Juste avant mon départ pour Paris, le général de Gaulle prononça le 1er septembre 1966 son fameux discours de Phnom Penh, lors d’un voyage au Cambodge. Dans son allocution, le président français disait haut et fort qu’il fallait faire du Sud-Est asiatique une zone neutre (« non alignée », selon les termes du Général) et libre de toute influence étrangère. En d’autres termes, les États-Unis devaient se désengager immédiatement du Sud-Vietnam et laisser les Vietnamiens régler entre eux un conflit interne. Rétrospectivement, l’histoire a donné raison à de Gaulle. Mais sa déclaration ne fut pas du goût du gouvernement de Saigon, lequel, bien conscient que sans l’appui des troupes américaines il ne pouvait résister militairement à son voisin du nord, décida de rompre les relations diplomatiques avec Paris.
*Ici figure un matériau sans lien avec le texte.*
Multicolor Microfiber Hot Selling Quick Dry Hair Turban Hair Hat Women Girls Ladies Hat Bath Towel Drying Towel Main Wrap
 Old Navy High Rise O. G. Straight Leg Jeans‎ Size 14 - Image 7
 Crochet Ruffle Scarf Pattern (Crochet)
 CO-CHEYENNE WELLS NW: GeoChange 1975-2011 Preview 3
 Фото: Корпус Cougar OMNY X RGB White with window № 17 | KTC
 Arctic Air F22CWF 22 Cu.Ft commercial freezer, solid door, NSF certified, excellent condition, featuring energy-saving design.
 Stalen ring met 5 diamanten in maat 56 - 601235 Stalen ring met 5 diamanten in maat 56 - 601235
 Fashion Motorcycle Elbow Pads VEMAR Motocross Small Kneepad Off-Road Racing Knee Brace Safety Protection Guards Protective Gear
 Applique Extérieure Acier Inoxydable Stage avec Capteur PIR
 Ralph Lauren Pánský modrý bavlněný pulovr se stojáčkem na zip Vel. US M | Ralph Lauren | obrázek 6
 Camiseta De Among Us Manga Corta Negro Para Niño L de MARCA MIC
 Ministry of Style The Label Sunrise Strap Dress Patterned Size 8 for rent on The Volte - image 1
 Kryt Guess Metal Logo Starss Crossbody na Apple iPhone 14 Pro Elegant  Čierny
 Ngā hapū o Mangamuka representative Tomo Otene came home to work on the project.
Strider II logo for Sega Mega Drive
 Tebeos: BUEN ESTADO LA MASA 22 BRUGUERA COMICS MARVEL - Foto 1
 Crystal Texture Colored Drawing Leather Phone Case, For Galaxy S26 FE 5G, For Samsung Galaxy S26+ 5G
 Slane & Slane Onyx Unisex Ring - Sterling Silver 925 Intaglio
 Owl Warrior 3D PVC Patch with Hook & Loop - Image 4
Il était désormais interdit à tout ressortissant vietnamien de se rendre en France, a fortiori pour y poursuivre des études. Mes plans si soigneusement élaborés tombaient brusquement à l’eau !
Il fallut vite trouver une solution de rechange. Une sage décision était d’aller étudier dans un pays francophone en attendant que les relations entre le Vietnam et la France s’améliorent et que la situation se débloque. Je choisis donc au dernier moment la Suisse romande, d’abord parce qu’à Lausanne existait une école d’ingénieurs réputée, l’École polytechnique de l’université de Lausanne (EPUL), ensuite parce que j’avais de la famille à Genève, un de mes oncles étant l’ambassadeur du Sud-Vietnam aux Nations-Unies. J’arrivai ainsi, fin septembre 1966, à Lausanne. C’était mon premier voyage à l’étranger. Outre le choc culturel, l’éloignement de la famille et le froid de l’hiver suisse, ce qui me frappa le plus dans ma nouvelle vie, ce fut l’indicible sentiment de sécurité que je ressentais dans mon nouvel environnement. Depuis ma naissance, j’avais toujours vécu dans une atmosphère de guerre. Je ne savais pas ce que pouvait signifier vivre dans un pays en paix. Pendant les premiers mois, cela me fit tout drôle de pouvoir me promener la nuit sans avoir peur de voir surgir à tout instant des commandos de soldats ou d’être arrêté par des batailles rangées sur la route. Je découvris peu à peu que l’obscurité pouvait ne pas être menaçante.
À Lausanne, je m’étais inscrit dans la section « ingénieur physicien » dans l’espoir de pouvoir approcher cette physique fondamentale qui m’attirait tant. Mais je m’aperçus vite que dans une école d’ingénieurs, la science enseignée était plus « appliquée » que fondamentale, les ingénieurs utilisant les lois découvertes par les physiciens. On ne me formait pas tant à faire de la recherche qu’à appliquer des recettes toutes faites à des situations particulières. Après quelques mois de cours, il fallait se rendre à l’évidence : ce n’était pas la voie que je souhaitais suivre.